# [Caption-style text data]
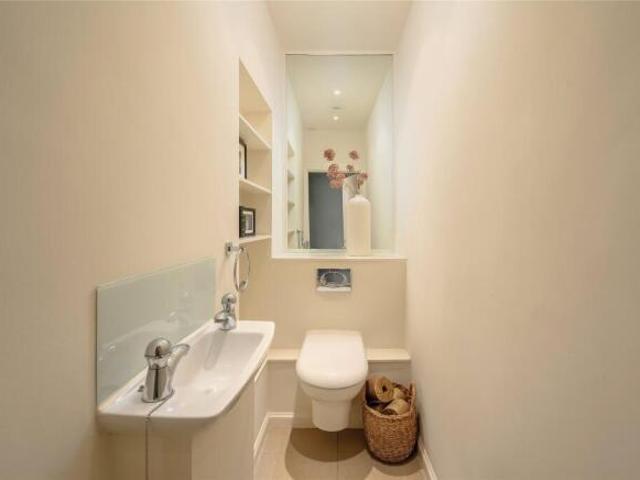 Apartment for sale in New Town, City of Edinburgh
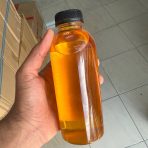 ⁦زيت بذر الكتان طبيعي 100% - عبوة 480 جرام⁩ - الصورة ⁦2⁩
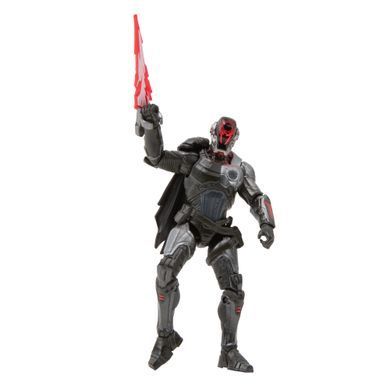 Fortnite Коллекционная фигурка Master Series Figure The Foundation (Dark), 10см FNT1325 фото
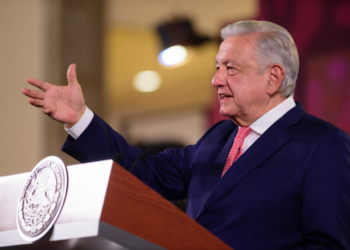 México presentará denuncia ante la Corte Internacional de Justicia por asalto a su embajada en Ecuador: AMLO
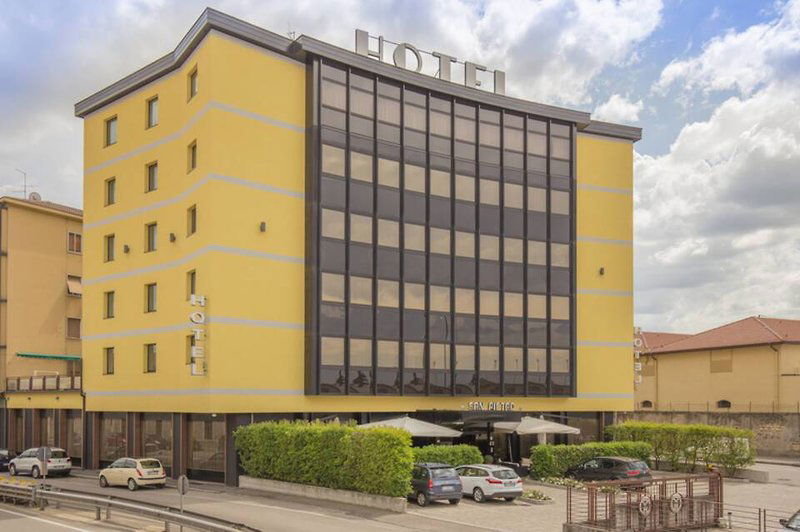 Hotel Hotel San Pietro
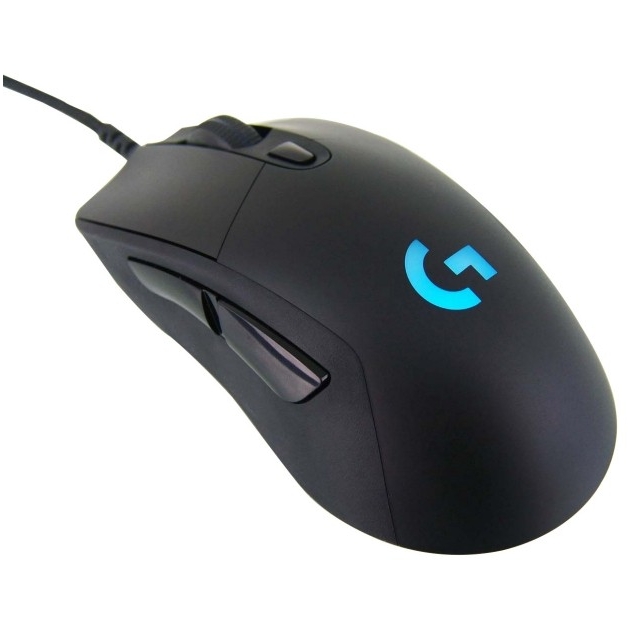 ⭐️ Logitech G403 PRODIGY 【新品・未開封】 Logitech G403 Prodigy Wireless/Wired Gaming Mouse Review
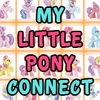 My Little Pony Connect игра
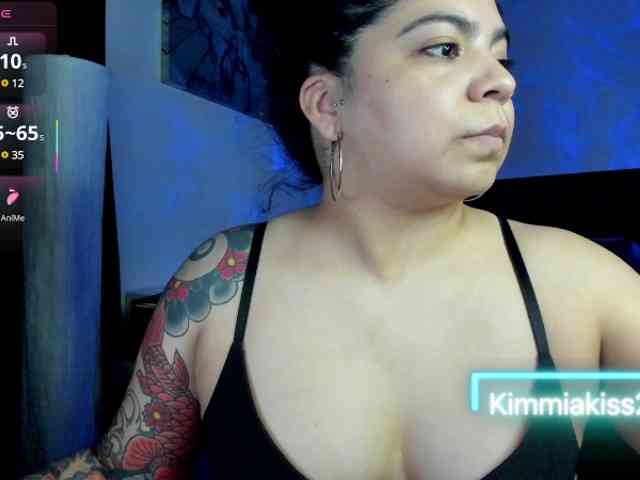 Модель: Kimmiakiss22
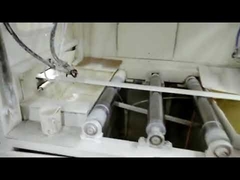 สายการผลิตการฉีดระบายความว่าง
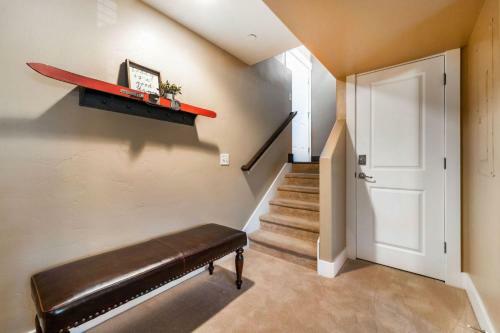 Ski Haven Elegant Spacious Townhome W Private Hot Tub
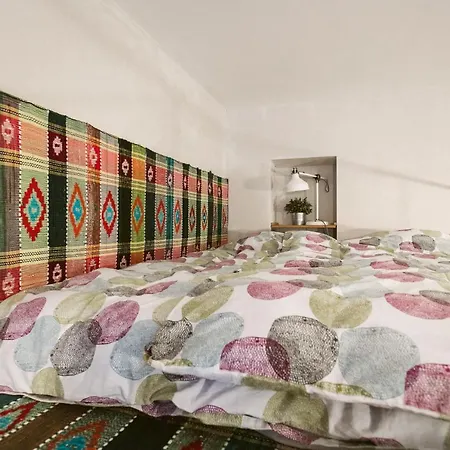 The Art Of Apartament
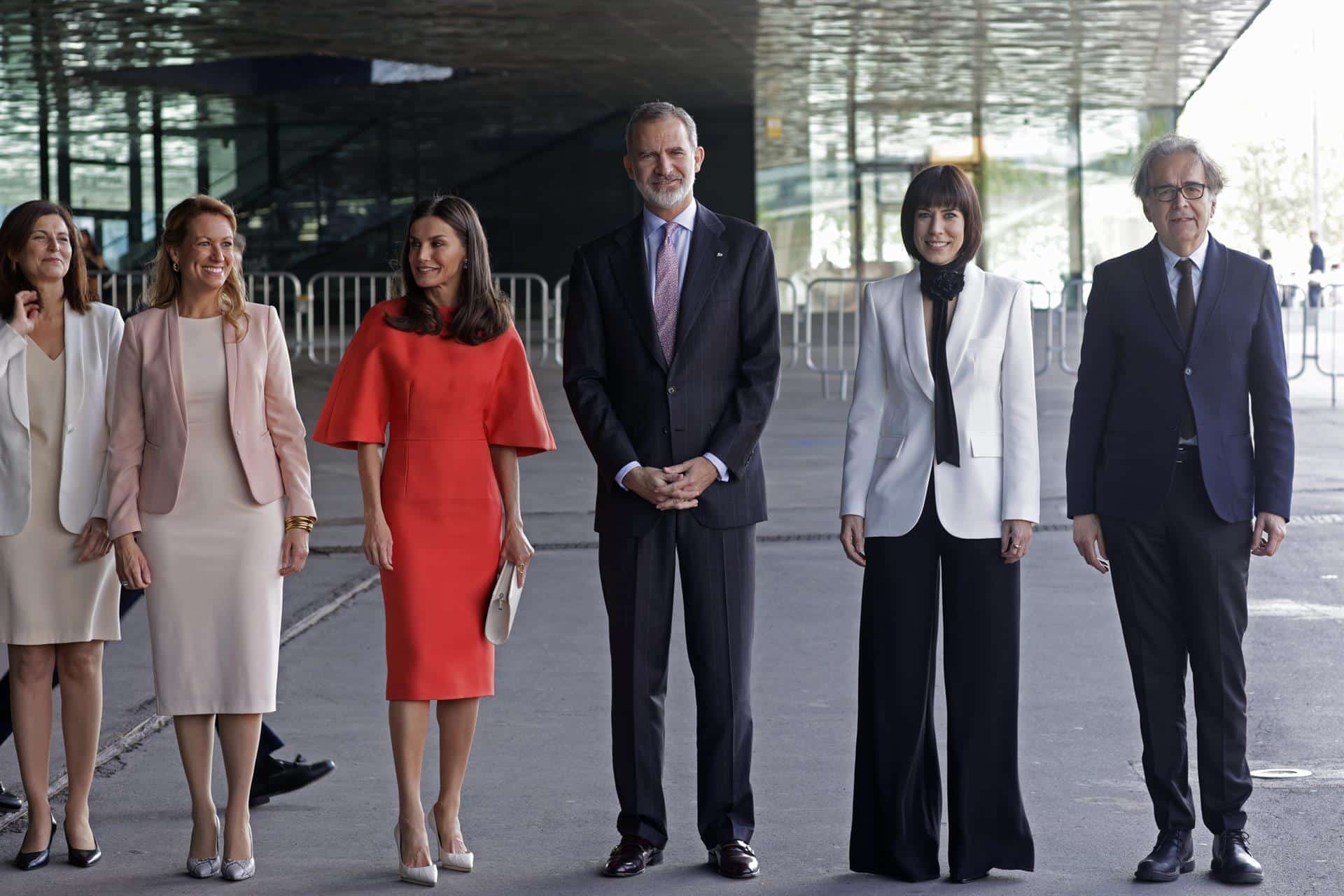 Generalitat y Ayuntamiento esquivan la visita del Rey a Barcelona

# [YOUR OBJECTIVE]
Every record above, copied exactly and without a single picture, makes up the answer.

# [FINISHED EXERCISE]
 Apartment for sale in New Town, City of Edinburgh
 ⁦زيت بذر الكتان طبيعي 100% - عبوة 480 جرام⁩ - الصورة ⁦2⁩
 Fortnite Коллекционная фигурка Master Series Figure The Foundation (Dark), 10см FNT1325 фото
 México presentará denuncia ante la Corte Internacional de Justicia por asalto a su embajada en Ecuador: AMLO
 Hotel Hotel San Pietro
 ⭐️ Logitech G403 PRODIGY 【新品・未開封】 Logitech G403 Prodigy Wireless/Wired Gaming Mouse Review
 My Little Pony Connect игра
 Модель: Kimmiakiss22
 สายการผลิตการฉีดระบายความว่าง
 Ski Haven Elegant Spacious Townhome W Private Hot Tub
 The Art Of Apartament
 Generalitat y Ayuntamiento esquivan la visita del Rey a Barcelona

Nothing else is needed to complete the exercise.